Die Belle Époque sah hier berühmte Künstler und sogar gekrönte Häupter ein und aus gehen. Auch heute noch geben sich Berühmtheiten in diesem renommierten Restaurant im 9. Arrondissement von Paris ein Stelldichein . Ein Lokal mit goldenen Buchstaben und prunkvollem Dekor, das sich an den legendären Place de l’Opéra schmiegt …
1862: Die Geburt des Grand Hôtel de la Paix und mit ihm die Einweihung des nunmehr legendären Café de la Paix

Wir schreiben das Jahr 1860. Zu dieser Zeit findet ein Wettbewerb für die Errichtung einer „Académie impériale de musique et de danse“ (Kaiserliche Musik- und Tanzakademie ) statt. Berühmte Architekten hoffen alle, den Wettbewerb zu gewinnen, aber schließlich ist es ein völlig Unbekannter, der am 30. Mai 1861 den Zuschlag für das Projekt erhält. Sein Name? Charles Garnier. Gegenüber der brandneuen Oper wollte Napoleon III. das größte Hotel von Paris errichten, um die zukünftigen Besucher der Weltausstellung von 1867 zu beherbergen. So entstand 1862 das sogenannte „Grand Hôtel de la Paix“ in der Hauptstadt. Kaiserin Eugenie weihte es am 5. Mai desselben Jahres auf grandiose Weise ein. Und die Ambitionen von Napoleon III. wurden respektiert. Mit seinen rund vierhundertsiebzig Zimmern war das vom Architekten Alfred Armand entworfene Grand Hôtel de la Paix damals das größte Hotel in Paris. Und raten Sie mal, wie das Café-Restaurant in diesem riesigen Hotel heißt? Das Café de la Paix. Eine Legende ist geboren.
Ein Café-Restaurant im Herzen des damals größten Hotels von Paris, in einem Dekor von Napoleon III.

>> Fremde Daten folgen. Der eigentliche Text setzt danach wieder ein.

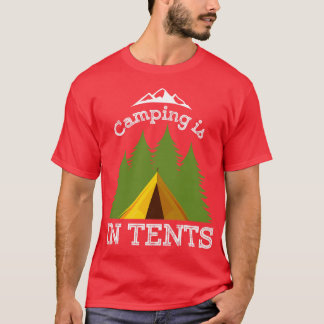 Camping in Tält 2 T Shirt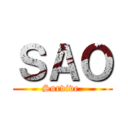 ＳＡＯ (Survive.)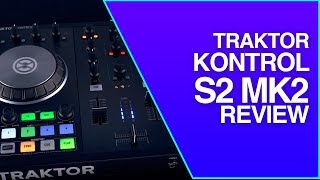 Traktor Kontrol S2 MK2 Review with Hexadecibal  Extra Sessions Media  Best Budget DJ Controller [upl. by Leibrag535]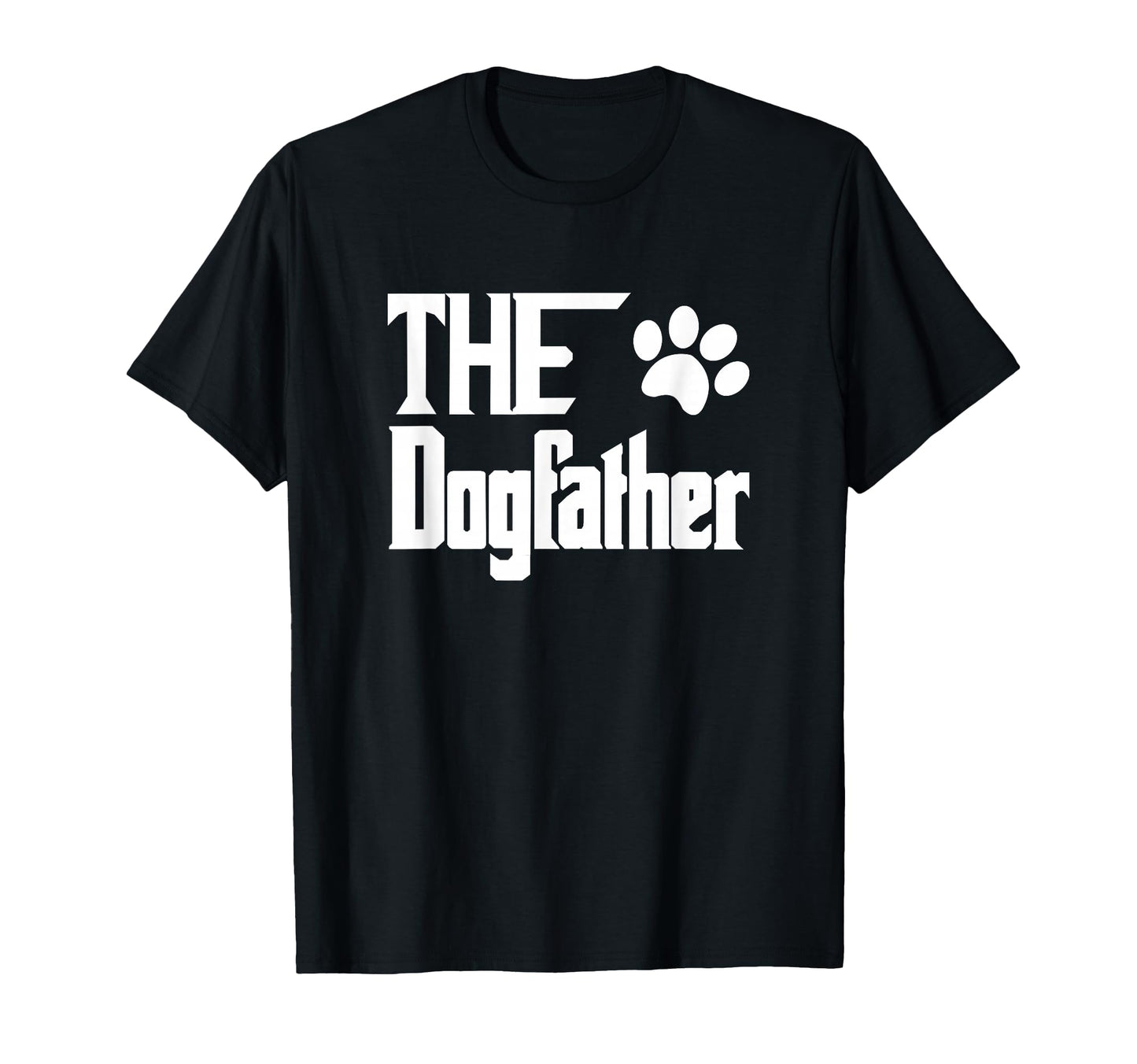 Dog Father Dog Father Dad T-Shirt - Unique Graphic for Adults - T-Shirt, Sweatshirt, Hoodie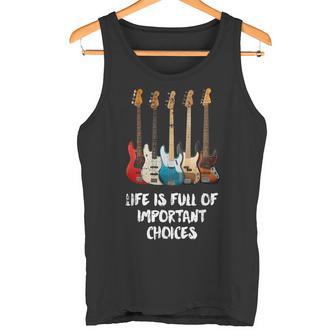 Bass Guitar Life Is Full Of Important Choices For Bassist Tank Top - Geschenkecke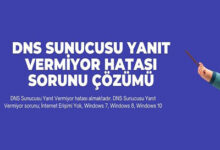 DNS Sunucusu Yanit Vermiyor Hatasi Sorunu Cozumu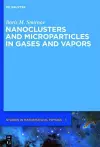 Nanoclusters and Microparticles in Gases and Vapors cover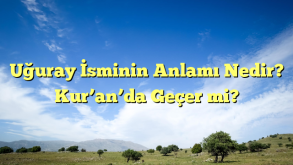 Uğuray İsminin Anlamı Nedir?  Kur’an’da Geçer mi?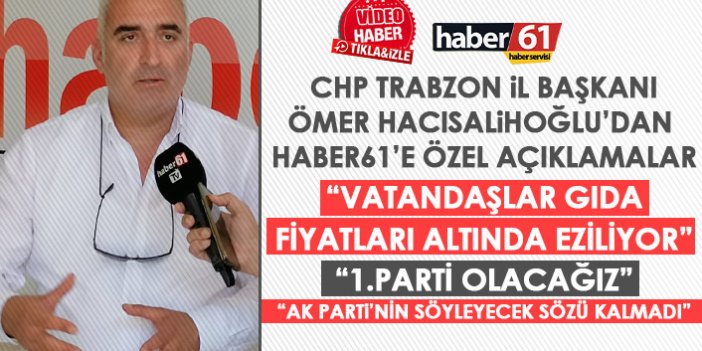 CHP Trabzon İl Başkanı Ömer Hacısalihoğlu: "AK Parti’nin söyleyecek sözü kalmadı"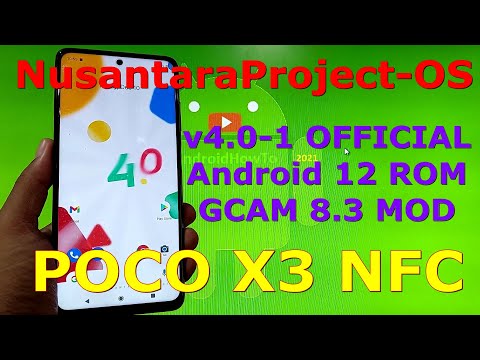 NusantaraProject OS 4.0-1 for Poco X3 NFC Android 12 ROM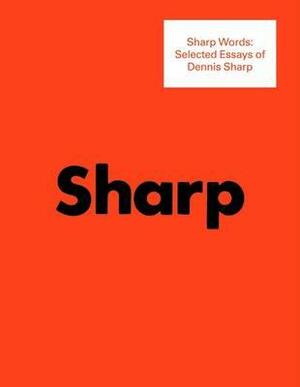Sharp Words: Selected Essays of Dennis Sharp by Dennis Sharp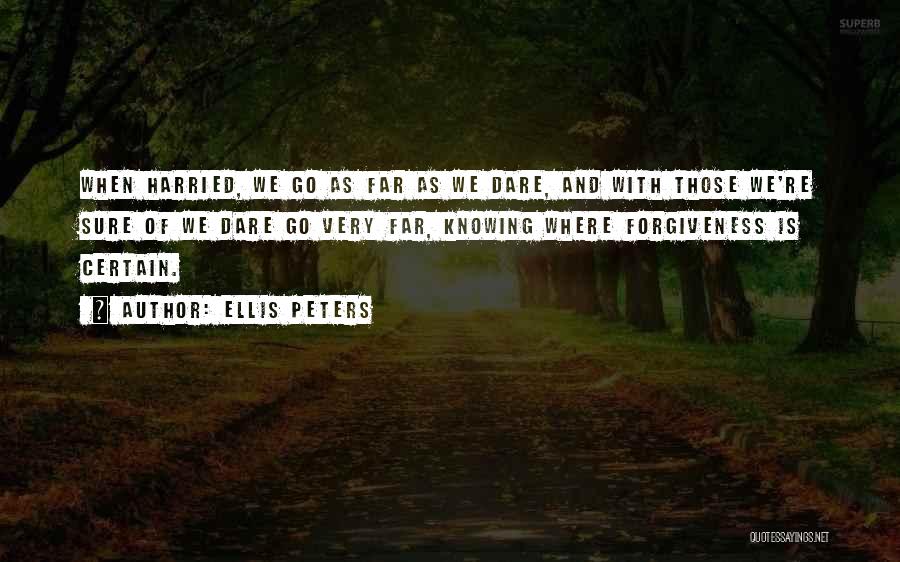 Ellis Peters Quotes: When Harried, We Go As Far As We Dare, And With Those We're Sure Of We Dare Go Very Far,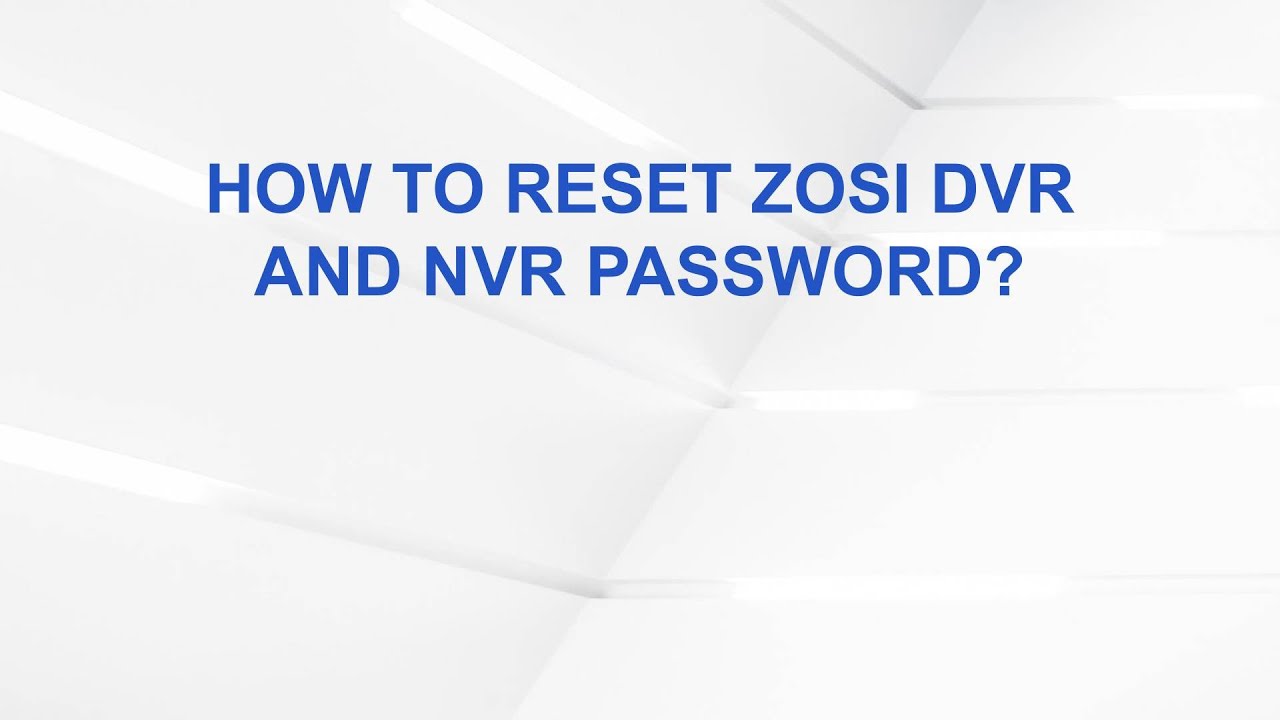 How To Reset Zosi DVR and NVR Password?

Später wurde das „Grand Hôtel de la Paix“ in „Le Grand Hôtel“ umbenannt und wandelte sich dann zum „Intercontinental Paris-Le Grand Hôtel“. Das Café de la Paix hingegen wird immer seinen ursprünglichen Namen behalten. Und wie könnte man das Café de la Paix erwähnen, ohne auf seinen Prunk einzugehen? Prächtige Deckenmalereien, Stuckverzierungen, Kronleuchter und Spiegel… Die Einrichtung des Café de la Paix ist eines kaiserlichen Palastes würdig. Die sorgfältig bemalte Decke mit falschen Himmeln ist ebenso überwältigend wie die von der griechisch-römischen Kunst inspirierten Ornamente. Auch die griechischen Säulen aus Gusseisen im neoklassizistischen Restaurant sind beeindruckend.
Das Versteck von Massenet, Zola, Proust und Maupassant

Mit den Jahren strömte ganz Paris in das Café, darunter auch die prominenten Künstler der damaligen Zeit, vom Opernkomponisten Jules Massenet bis hin zu einem der berühmtesten französischen Schriftsteller des 19. Jahrhunderts, einem gewissen Emile Zola. Im Jahr 2003 wurde das legendäre Café de la Paix in neuem Glanz erstrahlen. Der Architekt Pierre-Yves Rochon frischt den Ort auf und lässt ihn erhaben erscheinen. Obwohl das Café seine Seele und sein Wesen bewahrt hat, wird der Empire- und pompejanische Stil nun stärker betont als das Dekor aus der Zeit Napoleons III.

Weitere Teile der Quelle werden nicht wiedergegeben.